◆ WHAT TO DO
Nothing but the lines from the one with "Ishimoto Fujiwo for" through the end of the records may appear in the answer, each reproduced exactly, pictures omitted.
-- RECORDS FOR PROCESSING follows --
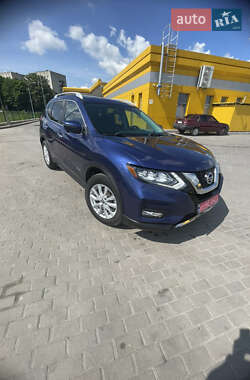 Внедорожник / Кроссовер Nissan Rogue 2017 в Ровно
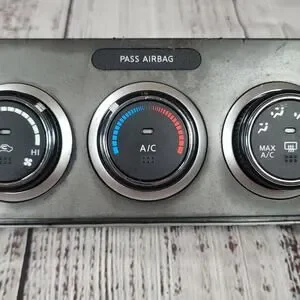 2010 - 2012 Nissan Sentra Climate Controls (OEM) 27510-ZT50A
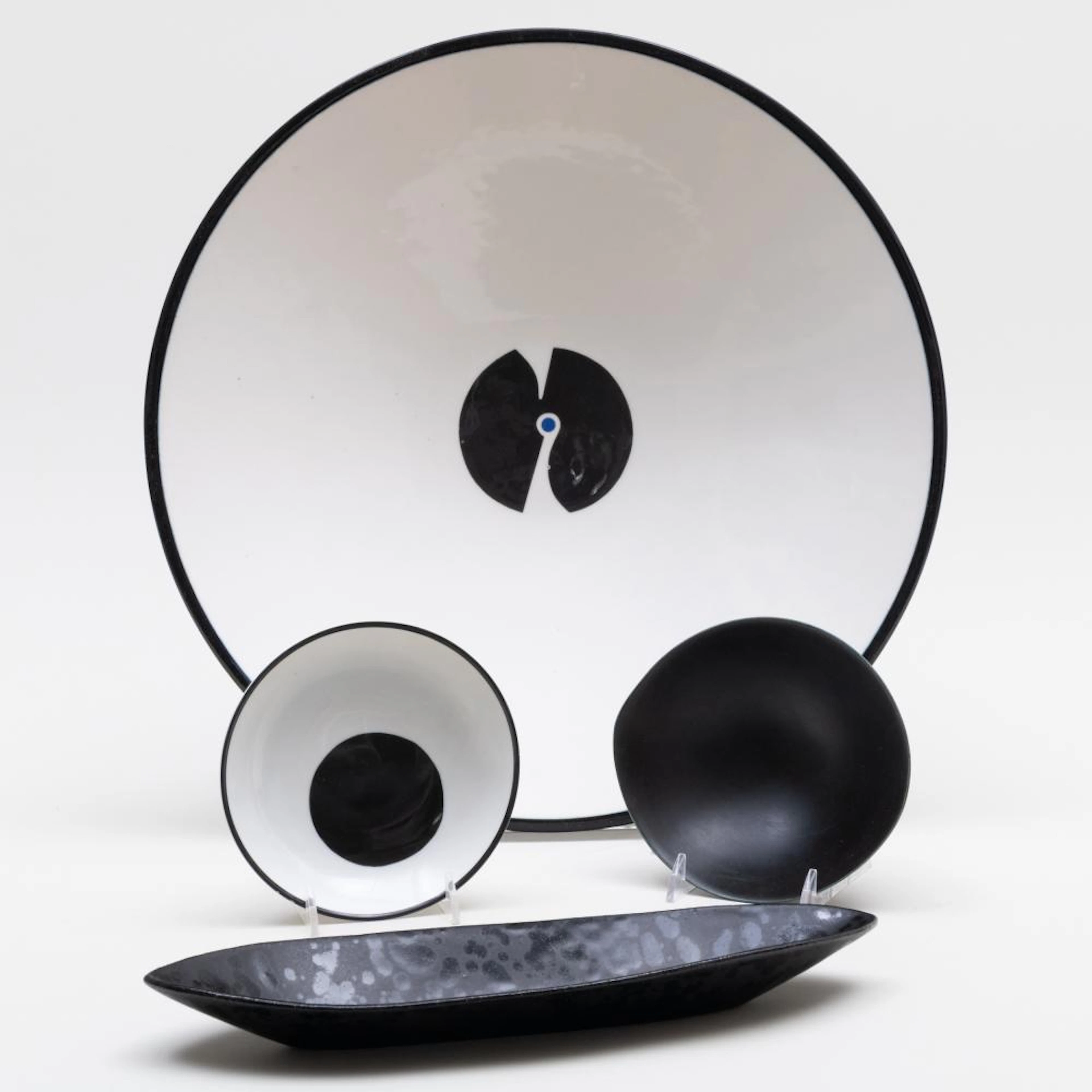 Ishimoto Fujiwo for Arabia Finland Porcelain Navette Dish and a Compote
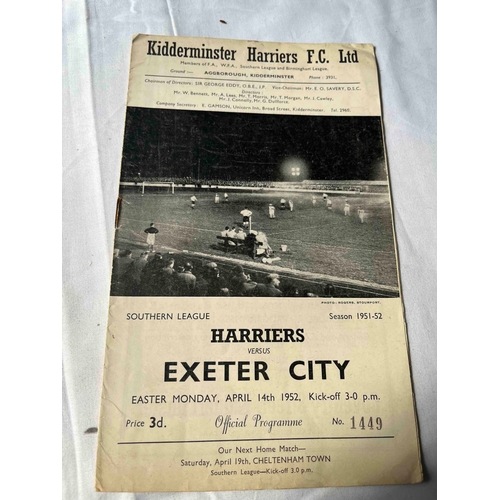 571 - 1951/52 Kidderminster Harriers v Exeter City Reserves, Southern league.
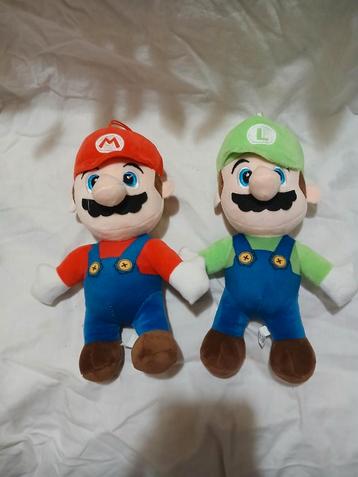 Knuffels mario  beschikbaar voor biedingen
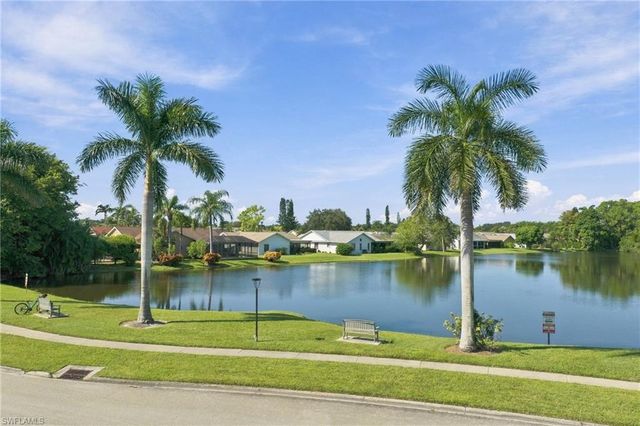 10808 King George LN 2602, Naples, FL 34109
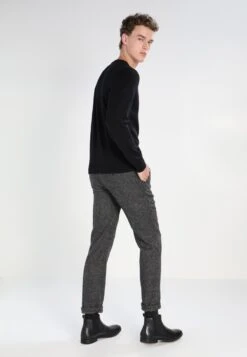 Pier One Trui - Black 4 Pier One Trui - Black -Pier One 675afff738254777bfb69195257fb8da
-- RECORDS FOR PROCESSING concluded --
◆ SOLUTION FOR THIS PROBLEM
 Ishimoto Fujiwo for Arabia Finland Porcelain Navette Dish and a Compote
 571 - 1951/52 Kidderminster Harriers v Exeter City Reserves, Southern league.
 Knuffels mario  beschikbaar voor biedingen
 10808 King George LN 2602, Naples, FL 34109
 Pier One Trui - Black 4 Pier One Trui - Black -Pier One 675afff738254777bfb69195257fb8da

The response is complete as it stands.